What this task involves:
This task requires every entry to be set down again exactly.

*** Input material ***

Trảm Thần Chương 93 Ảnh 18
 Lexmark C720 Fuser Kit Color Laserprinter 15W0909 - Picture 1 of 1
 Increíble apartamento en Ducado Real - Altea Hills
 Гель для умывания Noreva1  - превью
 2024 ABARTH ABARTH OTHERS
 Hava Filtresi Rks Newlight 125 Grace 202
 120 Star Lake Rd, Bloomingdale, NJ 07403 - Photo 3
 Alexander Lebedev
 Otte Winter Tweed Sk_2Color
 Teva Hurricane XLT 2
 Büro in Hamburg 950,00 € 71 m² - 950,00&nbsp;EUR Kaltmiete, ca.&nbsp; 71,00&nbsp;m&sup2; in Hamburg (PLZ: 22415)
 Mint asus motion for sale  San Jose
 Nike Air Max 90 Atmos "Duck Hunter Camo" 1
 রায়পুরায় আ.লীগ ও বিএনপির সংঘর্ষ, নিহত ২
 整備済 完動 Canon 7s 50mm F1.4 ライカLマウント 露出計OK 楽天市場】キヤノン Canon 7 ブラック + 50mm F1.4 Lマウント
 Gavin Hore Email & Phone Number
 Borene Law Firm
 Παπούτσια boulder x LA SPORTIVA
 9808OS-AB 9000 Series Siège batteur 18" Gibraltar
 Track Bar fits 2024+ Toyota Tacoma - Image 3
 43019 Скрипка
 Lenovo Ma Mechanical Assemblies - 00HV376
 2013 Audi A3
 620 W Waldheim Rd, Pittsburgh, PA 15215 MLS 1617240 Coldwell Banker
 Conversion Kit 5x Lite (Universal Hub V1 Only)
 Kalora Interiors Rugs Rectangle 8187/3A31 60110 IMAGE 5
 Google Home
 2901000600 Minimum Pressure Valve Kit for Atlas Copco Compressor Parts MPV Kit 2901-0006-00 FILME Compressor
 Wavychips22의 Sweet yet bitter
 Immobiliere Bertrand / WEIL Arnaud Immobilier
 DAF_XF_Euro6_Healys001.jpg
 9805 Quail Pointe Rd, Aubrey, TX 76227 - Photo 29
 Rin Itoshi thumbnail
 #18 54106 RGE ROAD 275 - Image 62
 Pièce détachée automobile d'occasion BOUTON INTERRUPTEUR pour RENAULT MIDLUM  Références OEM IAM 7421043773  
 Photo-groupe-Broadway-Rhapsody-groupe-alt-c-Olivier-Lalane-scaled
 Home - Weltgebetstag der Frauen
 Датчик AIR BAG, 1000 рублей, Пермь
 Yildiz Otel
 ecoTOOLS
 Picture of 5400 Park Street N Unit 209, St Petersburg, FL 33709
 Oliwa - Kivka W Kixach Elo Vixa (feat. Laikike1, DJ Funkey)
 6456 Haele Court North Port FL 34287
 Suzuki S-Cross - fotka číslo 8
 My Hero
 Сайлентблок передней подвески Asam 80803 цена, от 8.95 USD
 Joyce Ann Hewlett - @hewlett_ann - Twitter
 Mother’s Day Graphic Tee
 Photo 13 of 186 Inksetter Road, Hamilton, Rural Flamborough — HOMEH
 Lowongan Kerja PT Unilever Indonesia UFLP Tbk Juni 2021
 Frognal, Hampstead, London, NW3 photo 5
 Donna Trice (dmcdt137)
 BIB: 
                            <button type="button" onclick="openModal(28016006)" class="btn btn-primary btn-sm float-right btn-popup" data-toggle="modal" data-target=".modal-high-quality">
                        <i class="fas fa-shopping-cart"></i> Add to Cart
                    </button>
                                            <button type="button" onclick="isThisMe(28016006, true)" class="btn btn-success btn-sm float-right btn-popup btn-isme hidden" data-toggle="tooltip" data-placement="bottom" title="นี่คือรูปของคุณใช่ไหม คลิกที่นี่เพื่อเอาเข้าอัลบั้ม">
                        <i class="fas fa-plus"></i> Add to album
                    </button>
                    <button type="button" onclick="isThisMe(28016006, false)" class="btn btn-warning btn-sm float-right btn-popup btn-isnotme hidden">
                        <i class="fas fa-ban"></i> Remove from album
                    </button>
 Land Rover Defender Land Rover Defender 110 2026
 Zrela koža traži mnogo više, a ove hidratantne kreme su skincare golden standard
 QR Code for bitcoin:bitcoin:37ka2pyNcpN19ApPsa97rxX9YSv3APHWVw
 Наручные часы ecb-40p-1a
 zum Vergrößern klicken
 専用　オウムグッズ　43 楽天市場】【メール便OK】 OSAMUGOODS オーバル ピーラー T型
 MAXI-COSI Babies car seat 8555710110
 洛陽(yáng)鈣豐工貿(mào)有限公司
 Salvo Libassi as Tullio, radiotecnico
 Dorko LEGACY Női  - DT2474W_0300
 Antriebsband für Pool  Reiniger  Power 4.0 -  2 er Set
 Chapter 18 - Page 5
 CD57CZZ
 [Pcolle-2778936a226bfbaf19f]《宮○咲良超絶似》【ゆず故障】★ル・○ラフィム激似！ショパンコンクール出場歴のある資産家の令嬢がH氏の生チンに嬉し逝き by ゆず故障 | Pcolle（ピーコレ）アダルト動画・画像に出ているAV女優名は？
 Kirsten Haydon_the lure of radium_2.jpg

***

Reply:
Trảm Thần Chương 93 Ảnh 18
 Lexmark C720 Fuser Kit Color Laserprinter 15W0909 - Picture 1 of 1
 Increíble apartamento en Ducado Real - Altea Hills
 Гель для умывания Noreva1  - превью
 2024 ABARTH ABARTH OTHERS
 Hava Filtresi Rks Newlight 125 Grace 202
 120 Star Lake Rd, Bloomingdale, NJ 07403 - Photo 3
 Alexander Lebedev
 Otte Winter Tweed Sk_2Color
 Teva Hurricane XLT 2
 Büro in Hamburg 950,00 € 71 m² - 950,00&nbsp;EUR Kaltmiete, ca.&nbsp; 71,00&nbsp;m&sup2; in Hamburg (PLZ: 22415)
 Mint asus motion for sale  San Jose
 Nike Air Max 90 Atmos "Duck Hunter Camo" 1
 রায়পুরায় আ.লীগ ও বিএনপির সংঘর্ষ, নিহত ২
 整備済 完動 Canon 7s 50mm F1.4 ライカLマウント 露出計OK 楽天市場】キヤノン Canon 7 ブラック + 50mm F1.4 Lマウント
 Gavin Hore Email & Phone Number
 Borene Law Firm
 Παπούτσια boulder x LA SPORTIVA
 9808OS-AB 9000 Series Siège batteur 18" Gibraltar
 Track Bar fits 2024+ Toyota Tacoma - Image 3
 43019 Скрипка
 Lenovo Ma Mechanical Assemblies - 00HV376
 2013 Audi A3
 620 W Waldheim Rd, Pittsburgh, PA 15215 MLS 1617240 Coldwell Banker
 Conversion Kit 5x Lite (Universal Hub V1 Only)
 Kalora Interiors Rugs Rectangle 8187/3A31 60110 IMAGE 5
 Google Home
 2901000600 Minimum Pressure Valve Kit for Atlas Copco Compressor Parts MPV Kit 2901-0006-00 FILME Compressor
 Wavychips22의 Sweet yet bitter
 Immobiliere Bertrand / WEIL Arnaud Immobilier
 DAF_XF_Euro6_Healys001.jpg
 9805 Quail Pointe Rd, Aubrey, TX 76227 - Photo 29
 Rin Itoshi thumbnail
 #18 54106 RGE ROAD 275 - Image 62
 Pièce détachée automobile d'occasion BOUTON INTERRUPTEUR pour RENAULT MIDLUM  Références OEM IAM 7421043773  
 Photo-groupe-Broadway-Rhapsody-groupe-alt-c-Olivier-Lalane-scaled
 Home - Weltgebetstag der Frauen
 Датчик AIR BAG, 1000 рублей, Пермь
 Yildiz Otel
 ecoTOOLS
 Picture of 5400 Park Street N Unit 209, St Petersburg, FL 33709
 Oliwa - Kivka W Kixach Elo Vixa (feat. Laikike1, DJ Funkey)
 6456 Haele Court North Port FL 34287
 Suzuki S-Cross - fotka číslo 8
 My Hero
 Сайлентблок передней подвески Asam 80803 цена, от 8.95 USD
 Joyce Ann Hewlett - @hewlett_ann - Twitter
 Mother’s Day Graphic Tee
 Photo 13 of 186 Inksetter Road, Hamilton, Rural Flamborough — HOMEH
 Lowongan Kerja PT Unilever Indonesia UFLP Tbk Juni 2021
 Frognal, Hampstead, London, NW3 photo 5
 Donna Trice (dmcdt137)
 BIB: 
                            <button type="button" onclick="openModal(28016006)" class="btn btn-primary btn-sm float-right btn-popup" data-toggle="modal" data-target=".modal-high-quality">
                        <i class="fas fa-shopping-cart"></i> Add to Cart
                    </button>
                                            <button type="button" onclick="isThisMe(28016006, true)" class="btn btn-success btn-sm float-right btn-popup btn-isme hidden" data-toggle="tooltip" data-placement="bottom" title="นี่คือรูปของคุณใช่ไหม คลิกที่นี่เพื่อเอาเข้าอัลบั้ม">
                        <i class="fas fa-plus"></i> Add to album
                    </button>
                    <button type="button" onclick="isThisMe(28016006, false)" class="btn btn-warning btn-sm float-right btn-popup btn-isnotme hidden">
                        <i class="fas fa-ban"></i> Remove from album
                    </button>
 Land Rover Defender Land Rover Defender 110 2026
 Zrela koža traži mnogo više, a ove hidratantne kreme su skincare golden standard
 QR Code for bitcoin:bitcoin:37ka2pyNcpN19ApPsa97rxX9YSv3APHWVw
 Наручные часы ecb-40p-1a
 zum Vergrößern klicken
 専用　オウムグッズ　43 楽天市場】【メール便OK】 OSAMUGOODS オーバル ピーラー T型
 MAXI-COSI Babies car seat 8555710110
 洛陽(yáng)鈣豐工貿(mào)有限公司
 Salvo Libassi as Tullio, radiotecnico
 Dorko LEGACY Női  - DT2474W_0300
 Antriebsband für Pool  Reiniger  Power 4.0 -  2 er Set
 Chapter 18 - Page 5
 CD57CZZ
 [Pcolle-2778936a226bfbaf19f]《宮○咲良超絶似》【ゆず故障】★ル・○ラフィム激似！ショパンコンクール出場歴のある資産家の令嬢がH氏の生チンに嬉し逝き by ゆず故障 | Pcolle（ピーコレ）アダルト動画・画像に出ているAV女優名は？
 Kirsten Haydon_the lure of radium_2.jpg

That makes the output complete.